先日、携帯電話大手3キャリアそれぞれの2014年9月中間連結決算が発表され、ソフトバンク<9984>が増益、auのKDDI<9433>が増収増益、しかしNTTドコモ<9437>だけが減収減益という結果となり、NTTドコモの「一人負け」状態が浮き彫りとなったわけだが、そのNTTドコモの不振の影響を受けて、親会社のNTT<9432>は7日、15年3月期の業績予想を下方修正すとの発表を行った。
NTTの発表によれば、売上高を従来の予想よりも1900億円減らし前年同期比0.8%アップの11兆100億円、営業利益を従来の予想よりも1200億円減らして前年同期比9.8%ダウンの1兆950億円、純利益を570億円減らして前年同期比10%ダウンの5290億円とする。こうして軒並み下方修正を行った背景には、NTTドコモの不振の影響がある。NTTドコモは6月より国内通話完全定額制サービスを開始。しかしそれにより料金収入が落ち込む結果となった。そしてNTTもその落ち込み分をカバーすることができず、3年ぶりの減益となった。

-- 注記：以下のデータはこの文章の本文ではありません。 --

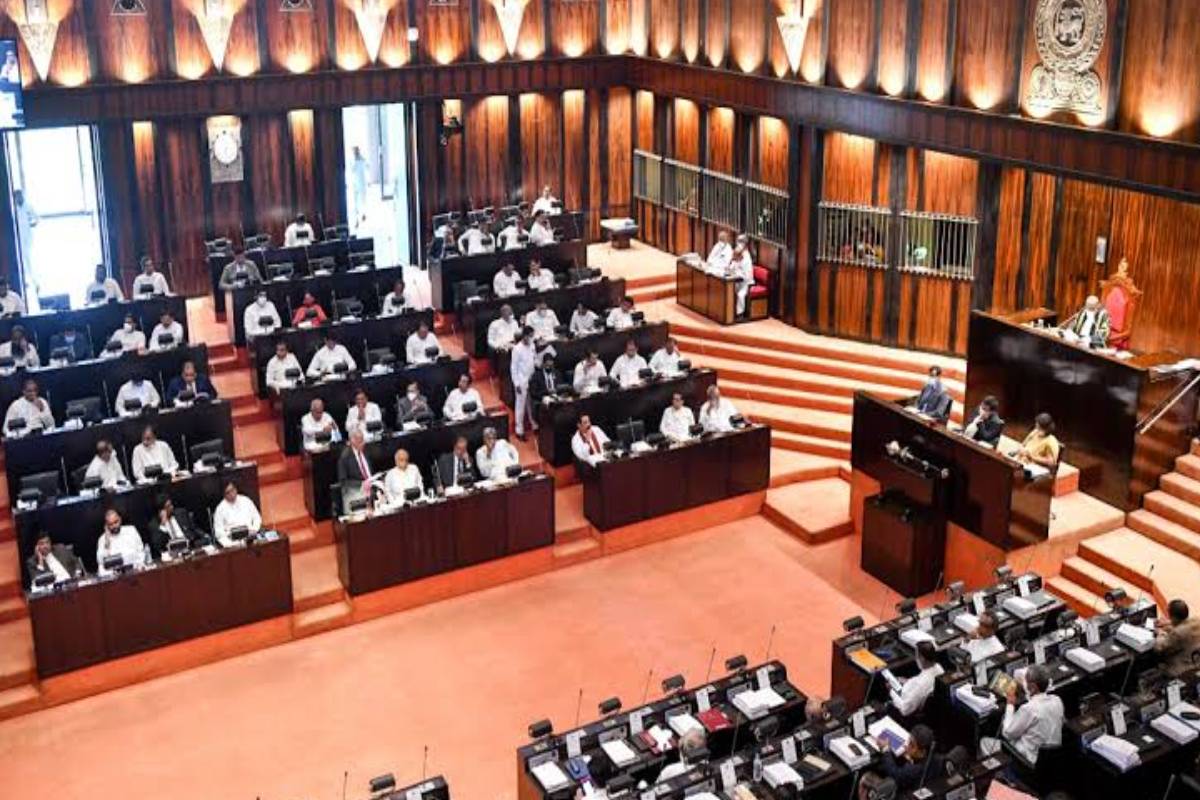 ஆட்சியைக் கவிழ்க்க பாதாளக் குழுவுடன் இணைந்து எதிர்க்கட்சியினர் கனவு! சதுரங்க அபேசிங்க குற்றச்சாட்டு | Serious Attempt To Overthrow The Regime ஆட்சியைக் கவிழ்க்க பாதாளக் குழுவுடன் இணைந்து எதிர்க்கட்சியினர் கனவு! சதுரங்க அபேசிங்க குற்றச்சாட்டு | Serious Attempt To Overthrow The Regime
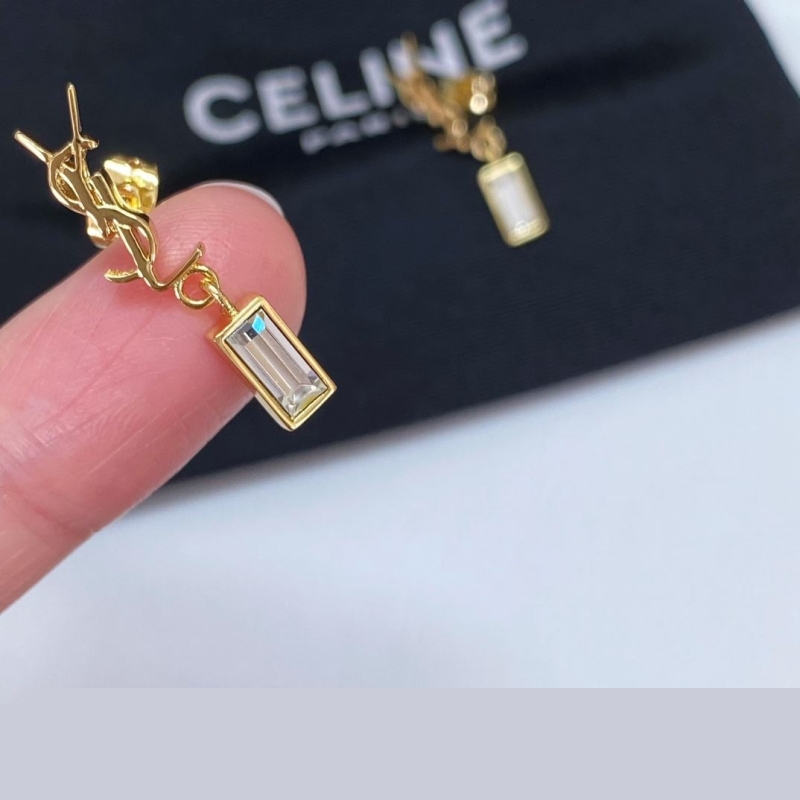 Ba*len*cia*ga earrings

そして同日にNTTが発表した14年9月中間連結決算によれば、売上高にあたる営業収益が前年同期比2.0%アップの5兆3737億円、営業利益は前年同期比9.5%ダウンの5909億円、そして純利益は前年同期比10%ダウンの2903億円であった。海外事業の好調さにより営業収益は5期連続での増収となったものの、NTTドコモの不振が響いて営業利益は減益となった。そしてNTTは、株主への利益配分を強化するために、自社株取得枠の上限をこれまでよりも1000億円多い3500億円にするとの発表も行った。
NTTドコモの減収減益がグループ全体の業績を下げる結果となったわけだが、今回発表されたNTTの15年3月期の下方修正は、NTTドコモが同期に対して行った下方修正の減少幅をそのままあてはめている。つまりNTTの業績が回復するかしないかは、NTTドコモにかなりのウェイトが占められているという風にも考えることができる。こうしたことからも、かつてのナンバーワン通信事業者に戻ってほしい、そう思っているのは誰よりも親会社であるNTTであることは間違いない。(編集担当:滝川幸平)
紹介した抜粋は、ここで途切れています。